How is Q-learning different from value iteration in reinforcement learning?
I know Q-learning is model-free and training samples are transitions (s, a, s\', r)
I don't think the accepted answer captured the essential of difference. To quote the newest version of Richard Sutton's book:
" Having q∗ makes choosing optimal actions even easier. With q∗, the agent does not even have to do a one-step-ahead search: for any state s, it can simply find any action that maximizes q∗(s; a). The action-value function effectively caches the results of all one-step-ahead searches. It provides the optimal expected long-term return as a value that is locally and immediately available for each state{action pair. Hence, at the cost of representing a function of state{action pairs, instead of just of states, the optimal action value function allows optimal actions to be selected without having to know anything about possible successor states and their values, that is, without having to know anything about the environment’s dynamics. "

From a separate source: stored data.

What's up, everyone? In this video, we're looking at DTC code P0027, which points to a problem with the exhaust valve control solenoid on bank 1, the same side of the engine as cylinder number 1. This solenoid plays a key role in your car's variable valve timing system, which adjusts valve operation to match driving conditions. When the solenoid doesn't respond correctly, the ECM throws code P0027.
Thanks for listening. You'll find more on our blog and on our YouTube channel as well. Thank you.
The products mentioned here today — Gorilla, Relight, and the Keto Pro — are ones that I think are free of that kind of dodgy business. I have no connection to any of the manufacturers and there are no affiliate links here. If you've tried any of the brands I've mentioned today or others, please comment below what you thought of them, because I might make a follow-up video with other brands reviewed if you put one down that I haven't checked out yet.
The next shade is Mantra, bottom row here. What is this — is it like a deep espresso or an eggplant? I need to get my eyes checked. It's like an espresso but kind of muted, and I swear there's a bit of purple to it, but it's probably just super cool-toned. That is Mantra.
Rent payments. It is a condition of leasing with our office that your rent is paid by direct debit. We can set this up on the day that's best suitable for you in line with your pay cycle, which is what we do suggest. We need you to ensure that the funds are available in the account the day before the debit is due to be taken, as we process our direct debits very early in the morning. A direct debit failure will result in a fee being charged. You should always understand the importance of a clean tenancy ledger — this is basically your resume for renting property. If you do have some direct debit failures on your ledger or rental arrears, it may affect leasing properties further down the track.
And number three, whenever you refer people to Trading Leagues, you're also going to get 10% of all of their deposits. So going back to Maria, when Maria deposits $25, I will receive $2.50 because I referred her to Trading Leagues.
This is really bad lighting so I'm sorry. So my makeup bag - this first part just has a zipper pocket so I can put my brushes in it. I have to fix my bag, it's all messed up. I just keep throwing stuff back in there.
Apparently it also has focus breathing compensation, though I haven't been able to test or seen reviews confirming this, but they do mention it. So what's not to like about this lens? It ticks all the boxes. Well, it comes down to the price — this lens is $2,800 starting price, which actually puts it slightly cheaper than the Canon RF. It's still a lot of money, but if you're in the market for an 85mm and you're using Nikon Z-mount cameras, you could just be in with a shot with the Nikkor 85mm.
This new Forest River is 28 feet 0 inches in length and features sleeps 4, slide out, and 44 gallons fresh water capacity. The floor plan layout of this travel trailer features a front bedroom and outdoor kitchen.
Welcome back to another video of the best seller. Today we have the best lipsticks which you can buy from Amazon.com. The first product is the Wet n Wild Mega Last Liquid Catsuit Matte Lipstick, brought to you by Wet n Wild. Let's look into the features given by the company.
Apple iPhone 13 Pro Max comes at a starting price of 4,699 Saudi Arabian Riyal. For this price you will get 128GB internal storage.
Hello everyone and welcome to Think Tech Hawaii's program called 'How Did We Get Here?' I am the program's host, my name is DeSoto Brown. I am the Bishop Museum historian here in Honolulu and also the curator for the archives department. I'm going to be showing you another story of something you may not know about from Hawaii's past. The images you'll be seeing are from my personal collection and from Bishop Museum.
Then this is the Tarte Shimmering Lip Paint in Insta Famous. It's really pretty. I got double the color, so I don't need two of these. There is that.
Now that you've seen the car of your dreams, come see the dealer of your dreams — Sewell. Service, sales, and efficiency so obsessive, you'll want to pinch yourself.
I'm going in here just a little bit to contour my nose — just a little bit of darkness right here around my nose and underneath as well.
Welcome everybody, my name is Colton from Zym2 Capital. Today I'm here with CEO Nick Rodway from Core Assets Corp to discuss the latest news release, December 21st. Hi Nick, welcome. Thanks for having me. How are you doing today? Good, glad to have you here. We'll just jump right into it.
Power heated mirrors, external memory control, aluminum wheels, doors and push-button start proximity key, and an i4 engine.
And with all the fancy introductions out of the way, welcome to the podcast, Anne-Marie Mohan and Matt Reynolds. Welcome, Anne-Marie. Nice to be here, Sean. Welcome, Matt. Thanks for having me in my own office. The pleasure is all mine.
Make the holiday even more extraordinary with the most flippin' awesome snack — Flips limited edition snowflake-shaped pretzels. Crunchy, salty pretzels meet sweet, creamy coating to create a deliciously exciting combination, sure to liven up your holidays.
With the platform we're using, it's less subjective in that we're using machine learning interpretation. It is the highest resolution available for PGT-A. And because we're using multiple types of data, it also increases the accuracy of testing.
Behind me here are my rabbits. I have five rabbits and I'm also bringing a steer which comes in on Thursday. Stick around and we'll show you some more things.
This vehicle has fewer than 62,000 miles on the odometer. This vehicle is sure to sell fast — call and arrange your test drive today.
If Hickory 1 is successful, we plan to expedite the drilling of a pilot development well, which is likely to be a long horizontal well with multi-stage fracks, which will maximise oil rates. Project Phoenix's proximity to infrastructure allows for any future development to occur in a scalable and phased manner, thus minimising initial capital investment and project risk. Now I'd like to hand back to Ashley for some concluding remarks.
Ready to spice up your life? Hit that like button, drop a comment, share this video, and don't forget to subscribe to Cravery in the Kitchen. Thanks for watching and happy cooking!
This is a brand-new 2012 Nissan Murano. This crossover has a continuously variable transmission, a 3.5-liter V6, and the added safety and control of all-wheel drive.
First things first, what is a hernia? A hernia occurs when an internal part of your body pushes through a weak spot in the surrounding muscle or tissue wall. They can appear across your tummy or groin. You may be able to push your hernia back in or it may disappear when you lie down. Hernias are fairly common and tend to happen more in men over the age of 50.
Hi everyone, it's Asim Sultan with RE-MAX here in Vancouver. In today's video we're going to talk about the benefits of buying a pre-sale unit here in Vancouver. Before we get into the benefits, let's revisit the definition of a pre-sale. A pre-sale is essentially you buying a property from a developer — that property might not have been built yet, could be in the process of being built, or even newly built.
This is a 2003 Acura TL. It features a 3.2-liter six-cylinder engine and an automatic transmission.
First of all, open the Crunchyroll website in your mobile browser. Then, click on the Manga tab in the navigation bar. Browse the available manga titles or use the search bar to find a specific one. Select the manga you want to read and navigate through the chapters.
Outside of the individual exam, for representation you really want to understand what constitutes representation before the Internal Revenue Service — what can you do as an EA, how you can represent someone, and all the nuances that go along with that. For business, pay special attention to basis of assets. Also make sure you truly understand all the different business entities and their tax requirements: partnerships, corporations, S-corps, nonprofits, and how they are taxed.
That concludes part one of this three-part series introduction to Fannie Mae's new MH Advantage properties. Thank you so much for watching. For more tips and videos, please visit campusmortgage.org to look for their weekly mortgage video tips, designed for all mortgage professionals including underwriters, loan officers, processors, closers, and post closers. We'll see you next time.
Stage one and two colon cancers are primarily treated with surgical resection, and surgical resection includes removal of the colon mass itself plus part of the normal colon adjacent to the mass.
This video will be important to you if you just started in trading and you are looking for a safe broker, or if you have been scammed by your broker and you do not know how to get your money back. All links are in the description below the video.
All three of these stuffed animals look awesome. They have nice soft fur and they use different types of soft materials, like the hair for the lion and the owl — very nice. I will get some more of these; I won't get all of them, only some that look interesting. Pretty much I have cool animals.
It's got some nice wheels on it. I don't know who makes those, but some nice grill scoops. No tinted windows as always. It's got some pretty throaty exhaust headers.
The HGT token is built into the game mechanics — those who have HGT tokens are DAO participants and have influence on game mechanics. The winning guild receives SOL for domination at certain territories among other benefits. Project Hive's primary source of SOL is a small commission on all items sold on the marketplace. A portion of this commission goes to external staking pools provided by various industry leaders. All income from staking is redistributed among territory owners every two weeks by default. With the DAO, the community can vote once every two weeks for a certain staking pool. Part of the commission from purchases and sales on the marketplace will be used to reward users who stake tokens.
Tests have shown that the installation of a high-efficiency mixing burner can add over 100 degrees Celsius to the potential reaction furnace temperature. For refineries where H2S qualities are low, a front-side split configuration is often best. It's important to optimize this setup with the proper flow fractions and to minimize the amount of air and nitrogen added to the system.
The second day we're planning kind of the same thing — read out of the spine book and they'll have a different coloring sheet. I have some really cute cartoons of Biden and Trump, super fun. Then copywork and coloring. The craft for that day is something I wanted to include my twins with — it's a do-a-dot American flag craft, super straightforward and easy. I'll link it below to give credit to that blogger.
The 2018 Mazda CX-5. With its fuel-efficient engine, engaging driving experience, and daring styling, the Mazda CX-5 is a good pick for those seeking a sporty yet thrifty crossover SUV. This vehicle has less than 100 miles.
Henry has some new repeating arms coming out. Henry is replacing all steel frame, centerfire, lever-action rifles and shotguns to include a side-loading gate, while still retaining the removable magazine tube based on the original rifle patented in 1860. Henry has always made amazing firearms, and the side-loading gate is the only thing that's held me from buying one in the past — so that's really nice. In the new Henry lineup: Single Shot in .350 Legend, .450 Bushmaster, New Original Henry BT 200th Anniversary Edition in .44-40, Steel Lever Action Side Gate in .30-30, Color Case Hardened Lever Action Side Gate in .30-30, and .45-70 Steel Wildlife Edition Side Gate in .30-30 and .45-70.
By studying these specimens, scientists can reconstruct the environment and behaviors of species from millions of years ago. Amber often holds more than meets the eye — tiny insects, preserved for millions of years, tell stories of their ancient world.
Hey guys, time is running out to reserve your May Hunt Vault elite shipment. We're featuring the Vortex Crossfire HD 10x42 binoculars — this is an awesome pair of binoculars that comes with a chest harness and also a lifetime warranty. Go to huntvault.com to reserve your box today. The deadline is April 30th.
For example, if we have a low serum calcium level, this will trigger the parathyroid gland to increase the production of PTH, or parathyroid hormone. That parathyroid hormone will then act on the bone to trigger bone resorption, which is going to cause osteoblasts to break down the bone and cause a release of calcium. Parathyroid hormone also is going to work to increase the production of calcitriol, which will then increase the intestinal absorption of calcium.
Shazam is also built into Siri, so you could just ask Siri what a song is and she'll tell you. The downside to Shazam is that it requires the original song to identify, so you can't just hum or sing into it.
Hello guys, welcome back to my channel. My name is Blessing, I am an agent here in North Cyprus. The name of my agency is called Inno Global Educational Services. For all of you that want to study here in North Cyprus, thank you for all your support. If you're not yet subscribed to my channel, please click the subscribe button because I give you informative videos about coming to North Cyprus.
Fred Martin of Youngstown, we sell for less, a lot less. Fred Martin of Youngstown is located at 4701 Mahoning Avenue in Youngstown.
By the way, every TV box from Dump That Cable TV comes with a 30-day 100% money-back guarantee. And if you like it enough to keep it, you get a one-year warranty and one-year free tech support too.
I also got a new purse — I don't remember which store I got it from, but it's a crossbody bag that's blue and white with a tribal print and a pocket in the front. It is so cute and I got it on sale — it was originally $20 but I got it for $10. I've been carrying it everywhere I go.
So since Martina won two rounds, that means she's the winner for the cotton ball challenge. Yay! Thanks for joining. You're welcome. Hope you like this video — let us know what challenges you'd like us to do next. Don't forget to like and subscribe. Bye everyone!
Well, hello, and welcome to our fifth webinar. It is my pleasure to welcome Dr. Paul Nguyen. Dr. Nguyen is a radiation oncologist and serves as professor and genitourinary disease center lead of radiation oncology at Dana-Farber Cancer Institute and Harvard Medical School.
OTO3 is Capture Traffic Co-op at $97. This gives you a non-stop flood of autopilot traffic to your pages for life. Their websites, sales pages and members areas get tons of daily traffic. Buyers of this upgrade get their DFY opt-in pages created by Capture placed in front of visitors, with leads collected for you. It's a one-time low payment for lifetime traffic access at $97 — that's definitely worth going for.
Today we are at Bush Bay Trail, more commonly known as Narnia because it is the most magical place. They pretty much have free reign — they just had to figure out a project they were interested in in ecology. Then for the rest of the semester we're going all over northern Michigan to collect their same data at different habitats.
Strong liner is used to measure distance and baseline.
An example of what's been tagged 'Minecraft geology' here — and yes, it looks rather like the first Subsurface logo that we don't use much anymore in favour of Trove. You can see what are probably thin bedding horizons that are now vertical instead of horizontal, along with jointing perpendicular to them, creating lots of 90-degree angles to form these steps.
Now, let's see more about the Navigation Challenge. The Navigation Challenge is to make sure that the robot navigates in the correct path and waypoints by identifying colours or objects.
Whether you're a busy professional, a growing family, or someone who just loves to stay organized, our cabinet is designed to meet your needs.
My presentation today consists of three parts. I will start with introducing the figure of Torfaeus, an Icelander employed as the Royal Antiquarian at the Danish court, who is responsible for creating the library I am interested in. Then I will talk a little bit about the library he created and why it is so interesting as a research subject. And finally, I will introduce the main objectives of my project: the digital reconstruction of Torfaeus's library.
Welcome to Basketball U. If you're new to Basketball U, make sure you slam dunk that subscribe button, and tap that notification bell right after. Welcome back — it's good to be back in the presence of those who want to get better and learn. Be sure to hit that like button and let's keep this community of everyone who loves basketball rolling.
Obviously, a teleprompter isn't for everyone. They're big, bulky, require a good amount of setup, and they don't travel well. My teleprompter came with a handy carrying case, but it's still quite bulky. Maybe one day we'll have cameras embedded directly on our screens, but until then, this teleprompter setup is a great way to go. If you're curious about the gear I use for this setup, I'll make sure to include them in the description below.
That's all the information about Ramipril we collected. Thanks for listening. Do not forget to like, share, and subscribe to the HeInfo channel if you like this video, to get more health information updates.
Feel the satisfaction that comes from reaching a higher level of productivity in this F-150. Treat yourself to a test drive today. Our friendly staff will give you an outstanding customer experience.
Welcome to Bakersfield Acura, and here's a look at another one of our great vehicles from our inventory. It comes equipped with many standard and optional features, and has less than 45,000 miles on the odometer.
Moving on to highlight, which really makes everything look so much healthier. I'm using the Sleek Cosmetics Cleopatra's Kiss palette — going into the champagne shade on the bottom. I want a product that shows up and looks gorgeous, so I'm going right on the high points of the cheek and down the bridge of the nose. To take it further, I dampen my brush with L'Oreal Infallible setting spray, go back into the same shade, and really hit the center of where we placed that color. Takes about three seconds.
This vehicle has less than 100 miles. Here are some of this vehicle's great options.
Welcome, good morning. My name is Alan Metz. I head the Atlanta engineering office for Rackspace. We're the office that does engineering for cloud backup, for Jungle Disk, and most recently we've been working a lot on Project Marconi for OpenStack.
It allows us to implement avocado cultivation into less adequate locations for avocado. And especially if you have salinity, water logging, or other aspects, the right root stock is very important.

Usually in real problems the agent doesn't know the world(or the so called transformation) dynamics but we definitely know the rewards, because those are what the environment gives back during the interaction and the reward function is actually defined by us.
The real difference between q-learning and normal value iteration is that: After you have V*, you still need to do one step action look-ahead to subsequent states to identify the optimal action for that state. And this look-ahead requires the transition dynamic after the action. But if you have q*, the optimal plan is just choosing a from the max q(s,a) pair.